U.S. Commercial, Multifamily Mortgage Delinquencies Remain Low in Q2
According to the Mortgage Bankers Association's latest Commercial/Multifamily Delinquency Report, delinquency rates for commercial and multifamily mortgage loans remained low in the second quarter of 2016.
"For most capital sources, commercial and multifamily mortgage delinquency rates are near the lowest levels seen during the past 20 years," said Jamie Woodwell, MBA's Vice President of Commercial Real Estate Research. "Strong property fundamentals, rising property values and solid mortgage availability are all supporting these rates."
The MBA analysis looks at commercial/multifamily delinquency rates for five of the largest investor-groups: commercial banks and thrifts, commercial mortgage-backed securities (CMBS), life insurance companies, Fannie Mae, and Freddie Mac. Together these groups hold more than 80 percent of commercial/multifamily mortgage debt outstanding.
Based on the unpaid principal balance (UPB) of loans, delinquency rates for each group at the end of the second quarter were as follows:
- Banks and thrifts (90 or more days delinquent or in non-accrual): 0.66 percent, a decrease of 0.07 from the first quarter of 2016;
- Life company portfolios (60 or more days delinquent): 0.11 percent, an increase of 0.05 from the first quarter of 2016;
- Fannie Mae (60 or more days delinquent): 0.07 percent, an increase of 0.01 percentage points from the first quarter of 2016;
- Freddie Mac (60 or more days delinquent): 0.02 percent, a decrease of 0.02 percentage points from first quarter of 2016;
- CMBS (30 or more days delinquent or in REO): 4.04 percent, an increase of 0.17 percentage points from the first quarter of 2016.
The analysis incorporates the same measures used by each individual investor group to track the performance of their loans.

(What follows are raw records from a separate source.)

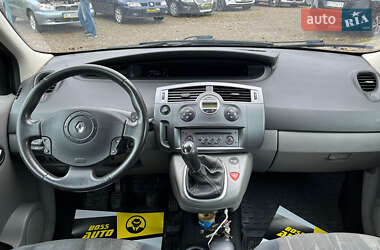 Минивэн Renault Megane Scenic 2005 в 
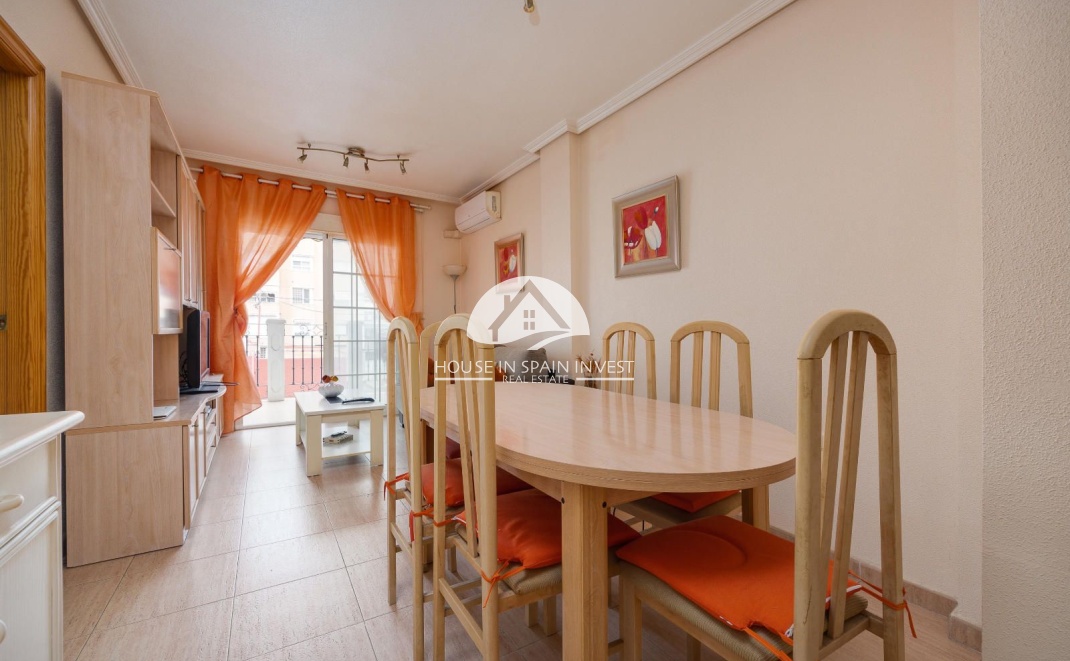 Resale - Apartment  - Torrevieja - Centro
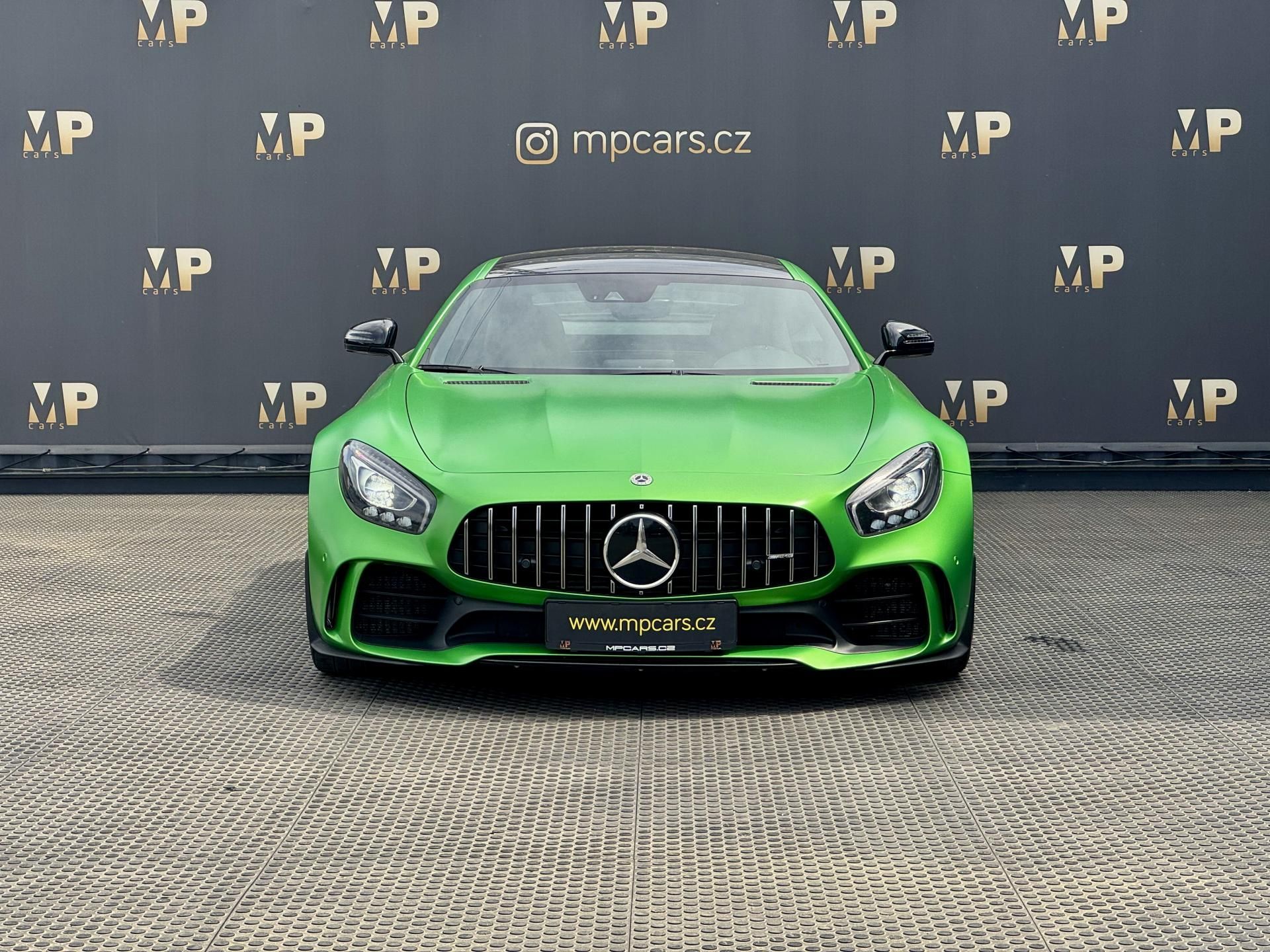 Mercedes-Benz AMG GT, R 4.0 V8 430kW, Carbon Ceramic - fotka 2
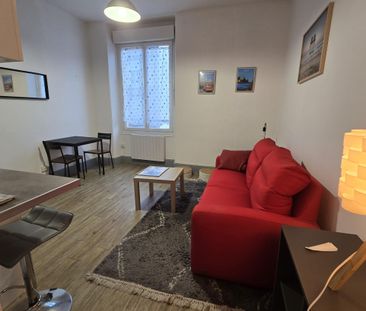 T1 meublé en hyper centre - Photo 2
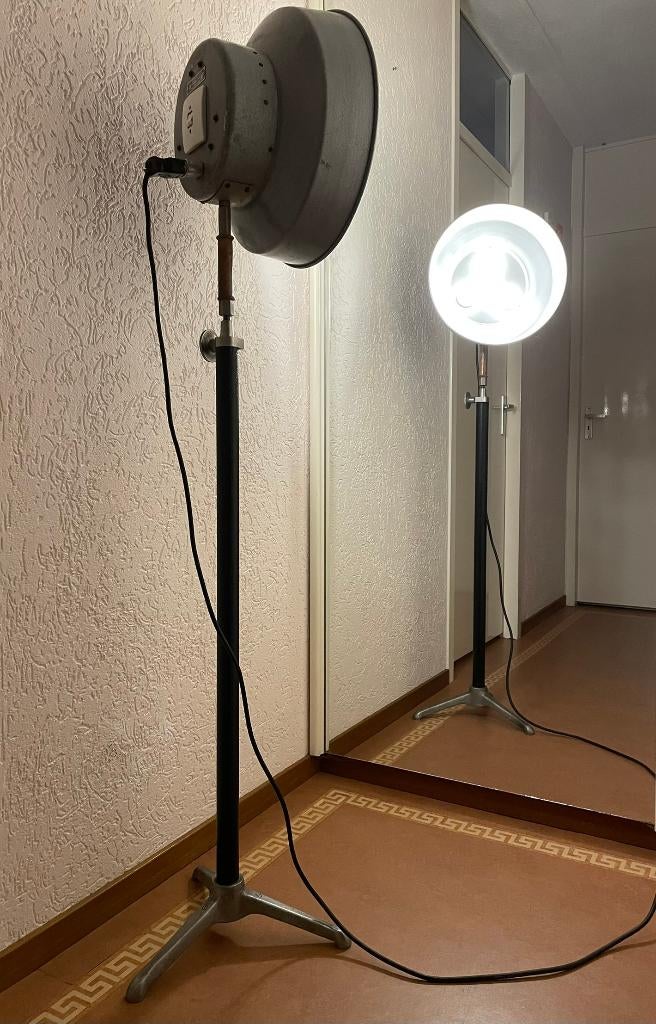 Studiolamp, Ophalen, Gebruikt, Metaal, 150 tot 200 cm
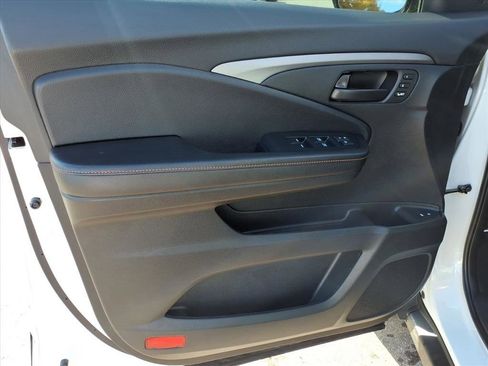 Used 2022 Honda Passport TrailSport image 14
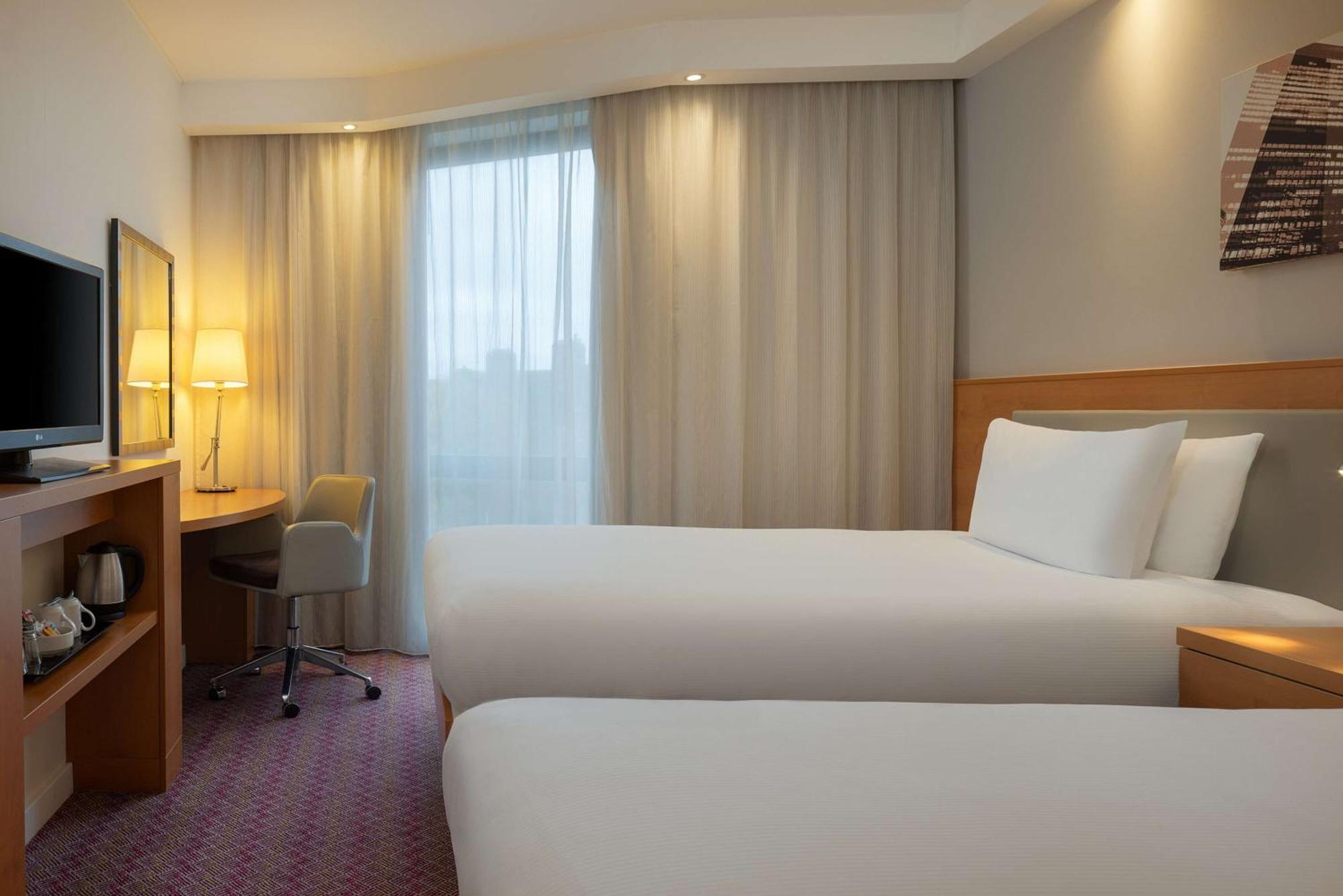 Hampton By Hilton London Waterloo Hotel Екстериор снимка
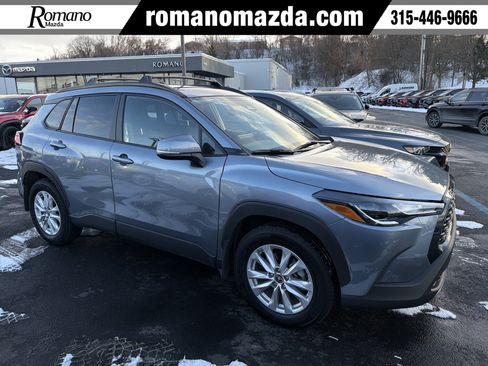 Used 2024 Toyota Corolla Cross LE image 1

Because each investor group tracks delinquencies in its own way, delinquency rates are not comparable from one group to another.
Construction and development loans are not included in the numbers presented here, but are included in many regulatory definitions of 'commercial real estate' despite the fact they are often backed by single-family residential development projects rather than by office buildings, apartment buildings, shopping centers, or other income-producing properties. The FDIC delinquency rates for bank and thrift held mortgages reported here do include loans backed by owner-occupied commercial properties.